Currently My Favorite Publisher

I have always played favorites with particular publishers. When I was in high school and hung around at Schroeder’s Books on Public Square in Cleveland, I was enthralled by the New Directions paperbacks. As I went to college and for years afterwards, I was particularly interested in Penguin Books (though I have been disappointed in how poorly they age). Then, for a while I collected the pocket sized hardback Oxford World Classics. Now, I find myself quite addicted to New York Review Books.

In fact, I recently counted how many NYRB titles I read in 2017. The total came to fifteen titles! They included, in the order I read them:

  • Teffi’s Tolstoy, Rasputin, Others, and Me: The Best of Teffi
  • Antonio di Benedetto’s Zama
  • Natsume Soseki’s Mon [The Gate]
  • John Williams’s Stoner
  • Robert Bresson’s Notes on the Cinematograph
  • Georges Simenon’s Tropic Moon
  • Georges Simenon’s Mr Hire’s Engagement
  • Kingsley Amis’s Girl, 20
  • Kingsley Amis’s One Fat Englishman
  • Patrick Modiano’s Young Once
  • Kingsley Amis’s Ending Up
  • Norman Mailer’s Miami and the Siege of Chicago
  • Kingsley Amis’s Take a Girl Like You
  • Raymond Quenaeau’s Zazie in the Metro
  • Henry Green’s Loving

Looking back over this list, there wasn’t a single clinker in the bunch. And my plans for 2018 call for me continuing to plow through the NYRB list.

A Forty-Year Labor of Love

The Eleven Volumes of the Durants’ The Story of Civilization

If you’ve walked into a used bookstore within the last half century, you’ve no doubt seen the volumes of Will and Ariel Durant’s The Story of Civilization. Many have bought the complete set, only to use it to weight their bookshelves to keep them from blowing away in the wind. I myself own just seven of the volumes, and by the end of the month, I will have finished reading three of them:

  • The Life of Greece, Volume II (1939)
  • The Reformation, Volume VI (1957)—I am currently two-thirds of the way to completion
  • The Age of Napoleon, Volume XI (1975)

Instead of berating the authors for having produced a coffee-table set that is large enough to crush many coffee tables, I am amazed to find that the volumes I have read are superb introductions to the periods they cover. They cover not only the events, but the leading characters, changes in the culture of the mostly European countries, and the main art and literary trends.

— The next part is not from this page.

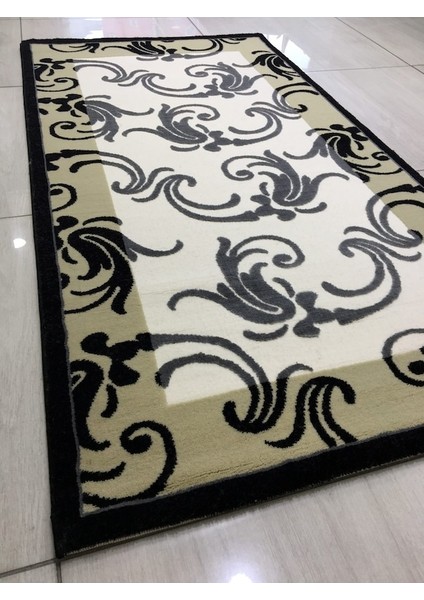 Simin 10791 R 80 x 150 Siyah Gri Küçük Halı !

When reading history books, we usually settle on a small slice of a place and time and trust that we will catch up on the general trends. The Durants go particularly deep into the period between 1500 and 1815, which accounts for six of the volumes. I can vouch for the fact that The Life of Greece covers in one volume hundreds of years of Greek history, from Homeric times to the Roman takeover.

Will and Ariel Durant

The Durants provide detailed bibliographies, footnotes, and alphabetic indexes in all the volumes, which make them excellent references for delving into sources and further details.

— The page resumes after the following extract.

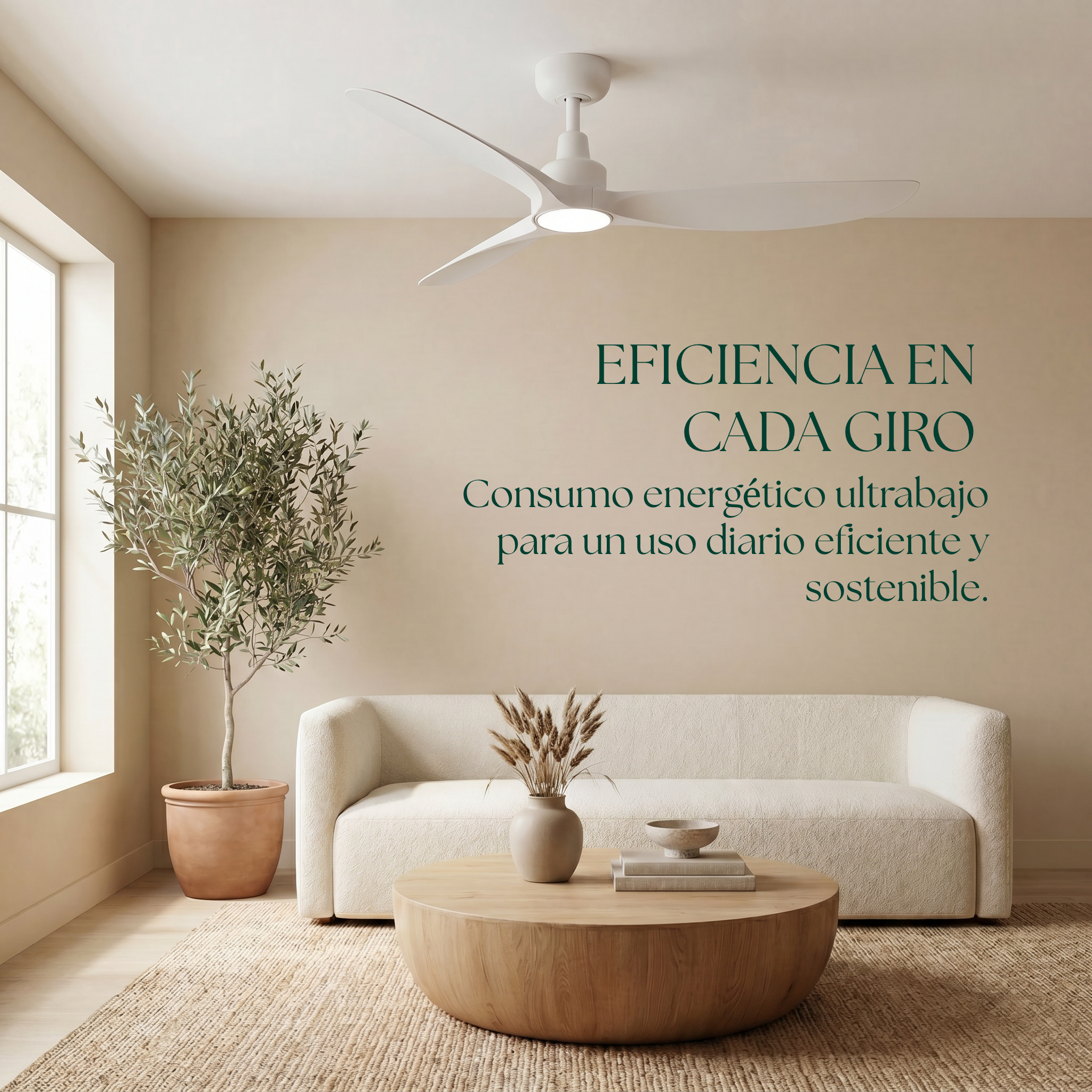 Marea 132 cm Ceiling Fan (10–25 m²) – 3 ABS Blades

It is sometimes too easy to pooh-pooh books that have been honored by such organizations as The Book of the Month Club. Fortunately, they weren’t always far off the mark. Certainly not in the case of the Durants. Do not make the mistake of ignoring these splendid books.

 

 

Difficulties with Girls at 1 Lower Ground

British Author Kingsley Amis (1922-1995)

When last I saw the characters Patrick Standish and Jenny Bunn, they were just starting their relationship in Kingsley Amis’s Take a Girl Like You.

Now, years later, they are stilled married, but childless due to Jenny’s miscarriage. They’ve moved to a maisonette at 1 Lower Ground in London. Jenny is still the same sweetheart; and Patrick, the same opportunistic whoreson. Jenny knows this and sorrowfully reproves his husband for his erring ways. Being in the book publishing business, Patrick goes to an inordinate number of parties where opportunities for excessive drinking and sexual provender abound.

Many of his problems are no farther than a few feet from his front door. His new neighbor Tim Valentine is a clueless young man who is mildly confused about his own sexuality and seems to pop in at least once a day. Next door are Eric and Stevie, a gay couple who are incessantly fighting each other. Also nearby is Wendy Porter-King, with whom Patrick has a brief but intense fling.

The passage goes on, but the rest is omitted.